Voilà une phrase issue du Tao-te king (chap LXIV) qui mérite qu’on s’y attarde et qu’on médite dessus. Pour ma part je crois avoir trouvé un superbe exemple “d’application” de ce précepte.
Il y a quelques jours, j’ai repris le yoga tibétain du rêve, bien décidé à pouvoir une fois pour toute avancé dans cette aventure. Cette fois ci j’y suis allé avec une manière plus douce, je ne commence pas toutes les pratiques en même temps, je ne pratique la calme mental Chiné d’abord que seul (comme c’est écris dans le livre). Ce qui permet de m’habituer et de prendre mes habitudes, c’est beaucoup plus facile énergiquement.
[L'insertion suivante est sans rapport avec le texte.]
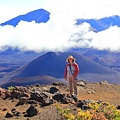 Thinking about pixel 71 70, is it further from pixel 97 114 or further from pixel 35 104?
pixel 97 114

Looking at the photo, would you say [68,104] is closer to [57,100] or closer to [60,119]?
[57,100]

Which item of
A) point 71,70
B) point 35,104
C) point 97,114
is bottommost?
point 35,104

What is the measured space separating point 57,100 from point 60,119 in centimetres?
588

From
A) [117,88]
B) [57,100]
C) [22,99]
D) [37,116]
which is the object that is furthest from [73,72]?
[117,88]

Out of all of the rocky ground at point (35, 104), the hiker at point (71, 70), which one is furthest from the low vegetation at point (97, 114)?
the hiker at point (71, 70)

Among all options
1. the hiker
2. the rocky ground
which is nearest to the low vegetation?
the rocky ground

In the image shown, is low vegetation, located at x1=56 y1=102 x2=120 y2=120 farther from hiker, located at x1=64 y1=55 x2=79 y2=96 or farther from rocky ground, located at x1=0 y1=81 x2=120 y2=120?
hiker, located at x1=64 y1=55 x2=79 y2=96

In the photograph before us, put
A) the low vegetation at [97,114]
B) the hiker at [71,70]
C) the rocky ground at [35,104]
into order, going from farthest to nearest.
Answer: the hiker at [71,70] < the rocky ground at [35,104] < the low vegetation at [97,114]

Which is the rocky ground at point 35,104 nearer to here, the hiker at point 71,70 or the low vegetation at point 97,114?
the hiker at point 71,70

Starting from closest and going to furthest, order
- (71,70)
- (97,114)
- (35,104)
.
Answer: (97,114) → (35,104) → (71,70)

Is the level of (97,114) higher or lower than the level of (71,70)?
lower

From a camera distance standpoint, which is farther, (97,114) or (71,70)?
(71,70)

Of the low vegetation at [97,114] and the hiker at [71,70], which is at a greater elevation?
the hiker at [71,70]

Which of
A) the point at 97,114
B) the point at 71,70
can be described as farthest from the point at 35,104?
the point at 97,114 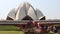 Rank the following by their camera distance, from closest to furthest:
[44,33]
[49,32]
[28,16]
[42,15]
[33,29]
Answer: [33,29]
[44,33]
[49,32]
[28,16]
[42,15]

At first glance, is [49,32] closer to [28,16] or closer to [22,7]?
[28,16]

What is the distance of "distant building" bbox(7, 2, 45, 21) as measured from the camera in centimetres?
1709

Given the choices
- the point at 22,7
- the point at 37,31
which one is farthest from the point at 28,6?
the point at 37,31

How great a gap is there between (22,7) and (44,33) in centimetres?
1098

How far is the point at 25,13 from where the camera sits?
57.1ft

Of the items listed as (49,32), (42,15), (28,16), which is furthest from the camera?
(42,15)

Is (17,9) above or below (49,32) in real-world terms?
above

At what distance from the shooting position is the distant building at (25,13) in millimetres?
17094

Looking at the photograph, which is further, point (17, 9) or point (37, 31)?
point (17, 9)

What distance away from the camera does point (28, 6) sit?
18.3 meters

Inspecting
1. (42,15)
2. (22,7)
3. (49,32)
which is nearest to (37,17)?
(42,15)

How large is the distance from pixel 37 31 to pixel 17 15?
35.0ft

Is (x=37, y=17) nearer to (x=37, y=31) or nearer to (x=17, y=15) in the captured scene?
(x=17, y=15)

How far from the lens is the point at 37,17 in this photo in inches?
693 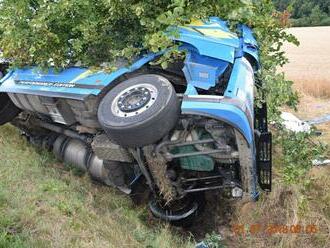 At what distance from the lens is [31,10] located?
18.6 ft

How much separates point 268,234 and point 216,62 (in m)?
2.02

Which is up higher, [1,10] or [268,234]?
[1,10]

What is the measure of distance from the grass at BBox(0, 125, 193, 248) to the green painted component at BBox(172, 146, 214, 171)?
734 mm

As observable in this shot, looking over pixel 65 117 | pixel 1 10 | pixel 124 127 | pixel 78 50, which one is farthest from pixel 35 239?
pixel 1 10

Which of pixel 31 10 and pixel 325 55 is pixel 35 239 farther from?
pixel 325 55

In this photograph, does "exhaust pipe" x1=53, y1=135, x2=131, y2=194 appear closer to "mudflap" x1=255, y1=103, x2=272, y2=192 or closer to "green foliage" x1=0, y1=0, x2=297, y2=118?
"green foliage" x1=0, y1=0, x2=297, y2=118

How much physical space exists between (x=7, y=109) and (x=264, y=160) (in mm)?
3577

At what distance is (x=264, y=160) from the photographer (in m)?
4.82

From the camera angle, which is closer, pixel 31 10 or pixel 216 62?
pixel 216 62

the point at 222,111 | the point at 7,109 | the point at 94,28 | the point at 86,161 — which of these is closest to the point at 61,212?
the point at 86,161

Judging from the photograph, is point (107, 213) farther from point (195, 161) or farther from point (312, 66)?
point (312, 66)

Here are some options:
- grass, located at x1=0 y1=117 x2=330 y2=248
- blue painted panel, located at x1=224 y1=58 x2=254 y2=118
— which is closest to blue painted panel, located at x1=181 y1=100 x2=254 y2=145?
blue painted panel, located at x1=224 y1=58 x2=254 y2=118

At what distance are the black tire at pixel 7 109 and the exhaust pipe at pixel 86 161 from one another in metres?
0.74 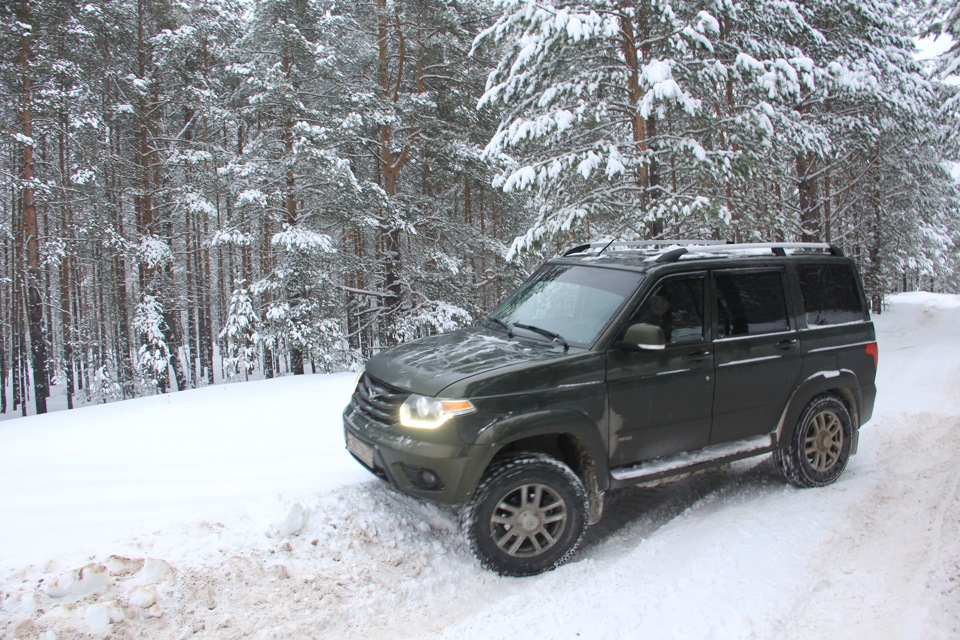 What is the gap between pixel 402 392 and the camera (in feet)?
13.0

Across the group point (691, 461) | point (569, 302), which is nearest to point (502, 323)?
point (569, 302)

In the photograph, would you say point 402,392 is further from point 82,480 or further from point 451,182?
point 451,182

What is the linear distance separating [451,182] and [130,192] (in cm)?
1019

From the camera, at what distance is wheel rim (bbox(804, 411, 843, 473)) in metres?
5.30

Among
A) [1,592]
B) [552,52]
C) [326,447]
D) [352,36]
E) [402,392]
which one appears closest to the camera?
[1,592]

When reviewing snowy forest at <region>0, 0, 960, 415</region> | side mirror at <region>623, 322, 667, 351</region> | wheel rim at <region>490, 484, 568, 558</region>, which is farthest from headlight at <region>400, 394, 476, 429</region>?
snowy forest at <region>0, 0, 960, 415</region>

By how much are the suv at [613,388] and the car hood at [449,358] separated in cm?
2

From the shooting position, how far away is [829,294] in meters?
5.44

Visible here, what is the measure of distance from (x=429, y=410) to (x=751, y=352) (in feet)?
9.12

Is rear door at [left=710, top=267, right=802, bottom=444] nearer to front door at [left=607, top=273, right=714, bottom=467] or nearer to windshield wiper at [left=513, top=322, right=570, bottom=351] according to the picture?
front door at [left=607, top=273, right=714, bottom=467]

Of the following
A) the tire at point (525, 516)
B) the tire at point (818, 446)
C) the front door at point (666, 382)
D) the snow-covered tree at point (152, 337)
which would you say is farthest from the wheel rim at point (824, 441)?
the snow-covered tree at point (152, 337)

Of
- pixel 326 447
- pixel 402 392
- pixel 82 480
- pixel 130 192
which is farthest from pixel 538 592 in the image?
pixel 130 192

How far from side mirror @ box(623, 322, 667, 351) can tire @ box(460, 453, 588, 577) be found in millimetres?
983

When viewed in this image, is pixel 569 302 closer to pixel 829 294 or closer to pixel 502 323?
pixel 502 323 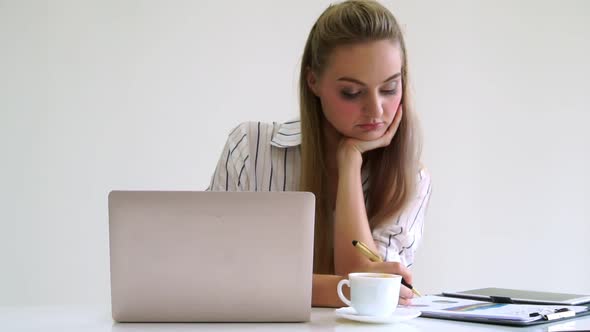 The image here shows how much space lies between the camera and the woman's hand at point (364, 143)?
179 centimetres

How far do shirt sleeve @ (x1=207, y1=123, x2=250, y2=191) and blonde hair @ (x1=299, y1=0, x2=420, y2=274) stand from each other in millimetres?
173

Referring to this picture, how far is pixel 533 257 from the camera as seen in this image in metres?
3.17

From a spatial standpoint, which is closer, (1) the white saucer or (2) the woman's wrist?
(1) the white saucer

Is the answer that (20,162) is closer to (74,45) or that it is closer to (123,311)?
(74,45)

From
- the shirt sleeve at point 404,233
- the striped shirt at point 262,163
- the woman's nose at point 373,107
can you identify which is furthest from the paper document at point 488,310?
the striped shirt at point 262,163

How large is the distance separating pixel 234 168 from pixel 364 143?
14.6 inches

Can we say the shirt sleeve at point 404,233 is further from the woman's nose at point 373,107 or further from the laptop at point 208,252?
the laptop at point 208,252

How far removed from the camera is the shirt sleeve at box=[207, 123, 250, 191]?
6.40 feet

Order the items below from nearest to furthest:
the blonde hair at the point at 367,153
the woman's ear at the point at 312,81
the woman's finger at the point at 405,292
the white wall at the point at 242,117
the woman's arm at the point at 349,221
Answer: the woman's finger at the point at 405,292
the woman's arm at the point at 349,221
the blonde hair at the point at 367,153
the woman's ear at the point at 312,81
the white wall at the point at 242,117

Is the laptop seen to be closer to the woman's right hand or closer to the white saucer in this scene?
the white saucer

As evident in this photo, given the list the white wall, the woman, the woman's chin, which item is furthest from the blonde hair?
the white wall

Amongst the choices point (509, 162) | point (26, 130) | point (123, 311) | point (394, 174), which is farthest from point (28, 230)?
point (509, 162)

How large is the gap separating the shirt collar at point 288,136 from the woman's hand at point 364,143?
159 mm

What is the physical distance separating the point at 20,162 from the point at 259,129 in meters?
1.07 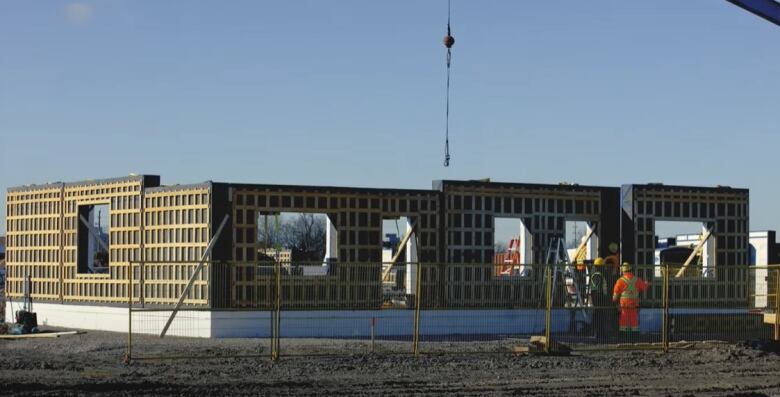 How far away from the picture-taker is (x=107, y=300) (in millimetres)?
35500

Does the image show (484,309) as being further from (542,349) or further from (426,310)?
(542,349)

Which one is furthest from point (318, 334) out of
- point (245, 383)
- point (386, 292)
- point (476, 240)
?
point (245, 383)

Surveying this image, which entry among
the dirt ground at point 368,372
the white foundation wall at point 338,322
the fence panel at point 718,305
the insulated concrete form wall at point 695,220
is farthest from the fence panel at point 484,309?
the fence panel at point 718,305

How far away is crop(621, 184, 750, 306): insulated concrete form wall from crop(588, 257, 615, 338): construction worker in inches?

Le but du yoga du rêve est bien entendu d’abord la libération totale de l’être dans la claire lumière à la mort, mais l’un des objectifs relatifs du yoga du rêve est aussi de rendre l’esprit plus souple. Dans la souplesse, le livre entend en fait le fait de faire faire l’esprit des choses qu’il n’a pas l’habitude. Par exemple transformer le rêve lucide de diverse manière (taille d’un sac d’or par exemple, quantité de bouddha etc.) mais aussi se transformer soi-même dans les rêves lucides pour essayer d’autres comportements, ainsi que vivre des expériences inédites pour l’individu.
Voici un rêve lucide qui est intéressant, il y manque juste la réalisation de l’idée, nous verrons ensuite pourquoi cette idée est bonne :
J’étais dans un internat, probablement pour mes études, je me rappelle plus de la structure exacte. Et j’avais une espèce de big chambre que je partageais avec un autre garçon. La chambre était immense, mais il n’y avais rien dedans, à peine un placard, 2 lit, 1 table avec des chaises (ou des banc pour s’assoir, je sais plus). Tout était concentré tellement à un seul endroit qu’on aurait pu organiser une fête avec une piste de danse. Puis je sais pas trop ce qu’il se passe avec le garçon avec lequel je partage ma chambre, peut-être qu’il est homo, qu’il est attiré par moi etc. On se retrouve à parler assis sur la table l’un en face de l’autre (ou presque). Je sais plus trop si je lui dit que c’est pas possible entre nous (étant donné que je ne monte que des hypothèses, j’ignore la réalité de la situation qu’il y avait, mais à l’intérieur je l’ai senti comme ça). Puis j’éprouve de la compassion et de l’empathie (ndlr : impossible d’exprimer ce que j’ai exactement ressentis pour lui, il y avait une forme d’amour, mais ce n’était pas la même forme que les fois où je suis tombé amoureux, c’était comme quelque chose d’universelle, je me disais que je pouvais sentir cela pour n’importe qui) pour le garçon. Alors je pose ma tête sur son bras. A mon avis ça a du lui faire plaisir.
Puis je me relève, et le regarde dans les yeux, il se met alors à se rapprocher de moi pour m’embrasser, je fais de même. Et alors que je suis à 2 cm de sa bouche, je me barre, je crois parce que je me dis que c’est pas comme ça que je veux mon premier baisé, et pas avec quelqu’un que je connais à peine et que je n’aime pas vraiment.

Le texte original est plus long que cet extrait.